### Problem description:
Make an exact copy of every entry.

=== Section Start ===

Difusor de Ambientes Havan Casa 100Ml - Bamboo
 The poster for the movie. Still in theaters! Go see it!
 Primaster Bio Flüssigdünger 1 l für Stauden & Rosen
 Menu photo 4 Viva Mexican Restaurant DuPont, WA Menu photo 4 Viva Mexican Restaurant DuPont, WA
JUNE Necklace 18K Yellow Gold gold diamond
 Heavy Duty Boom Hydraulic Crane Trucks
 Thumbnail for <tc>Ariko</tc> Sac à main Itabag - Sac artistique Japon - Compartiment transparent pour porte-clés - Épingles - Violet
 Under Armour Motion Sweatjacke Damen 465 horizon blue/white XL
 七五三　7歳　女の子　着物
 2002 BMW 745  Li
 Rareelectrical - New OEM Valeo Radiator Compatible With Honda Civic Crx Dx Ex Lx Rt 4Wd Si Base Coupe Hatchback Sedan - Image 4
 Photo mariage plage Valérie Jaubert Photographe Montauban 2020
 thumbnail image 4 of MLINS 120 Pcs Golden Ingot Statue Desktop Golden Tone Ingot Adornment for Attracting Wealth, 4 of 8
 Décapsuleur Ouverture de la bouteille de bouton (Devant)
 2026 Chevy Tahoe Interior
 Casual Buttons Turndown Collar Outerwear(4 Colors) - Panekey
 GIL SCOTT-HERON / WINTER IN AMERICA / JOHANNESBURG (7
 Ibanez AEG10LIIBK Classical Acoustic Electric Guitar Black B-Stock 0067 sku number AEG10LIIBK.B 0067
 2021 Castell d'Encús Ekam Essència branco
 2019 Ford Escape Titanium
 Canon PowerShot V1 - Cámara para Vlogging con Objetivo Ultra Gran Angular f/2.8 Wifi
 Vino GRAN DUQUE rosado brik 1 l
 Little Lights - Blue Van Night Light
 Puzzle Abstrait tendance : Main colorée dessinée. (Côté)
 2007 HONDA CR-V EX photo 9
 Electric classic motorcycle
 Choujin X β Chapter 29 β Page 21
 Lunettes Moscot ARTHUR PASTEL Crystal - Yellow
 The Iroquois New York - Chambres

=== Section End ===

### Result for this task:
Difusor de Ambientes Havan Casa 100Ml - Bamboo
 The poster for the movie. Still in theaters! Go see it!
 Primaster Bio Flüssigdünger 1 l für Stauden & Rosen
 Menu photo 4 Viva Mexican Restaurant DuPont, WA Menu photo 4 Viva Mexican Restaurant DuPont, WA
JUNE Necklace 18K Yellow Gold gold diamond
 Heavy Duty Boom Hydraulic Crane Trucks
 Thumbnail for <tc>Ariko</tc> Sac à main Itabag - Sac artistique Japon - Compartiment transparent pour porte-clés - Épingles - Violet
 Under Armour Motion Sweatjacke Damen 465 horizon blue/white XL
 七五三　7歳　女の子　着物
 2002 BMW 745  Li
 Rareelectrical - New OEM Valeo Radiator Compatible With Honda Civic Crx Dx Ex Lx Rt 4Wd Si Base Coupe Hatchback Sedan - Image 4
 Photo mariage plage Valérie Jaubert Photographe Montauban 2020
 thumbnail image 4 of MLINS 120 Pcs Golden Ingot Statue Desktop Golden Tone Ingot Adornment for Attracting Wealth, 4 of 8
 Décapsuleur Ouverture de la bouteille de bouton (Devant)
 2026 Chevy Tahoe Interior
 Casual Buttons Turndown Collar Outerwear(4 Colors) - Panekey
 GIL SCOTT-HERON / WINTER IN AMERICA / JOHANNESBURG (7
 Ibanez AEG10LIIBK Classical Acoustic Electric Guitar Black B-Stock 0067 sku number AEG10LIIBK.B 0067
 2021 Castell d'Encús Ekam Essència branco
 2019 Ford Escape Titanium
 Canon PowerShot V1 - Cámara para Vlogging con Objetivo Ultra Gran Angular f/2.8 Wifi
 Vino GRAN DUQUE rosado brik 1 l
 Little Lights - Blue Van Night Light
 Puzzle Abstrait tendance : Main colorée dessinée. (Côté)
 2007 HONDA CR-V EX photo 9
 Electric classic motorcycle
 Choujin X β Chapter 29 β Page 21
 Lunettes Moscot ARTHUR PASTEL Crystal - Yellow
 The Iroquois New York - Chambres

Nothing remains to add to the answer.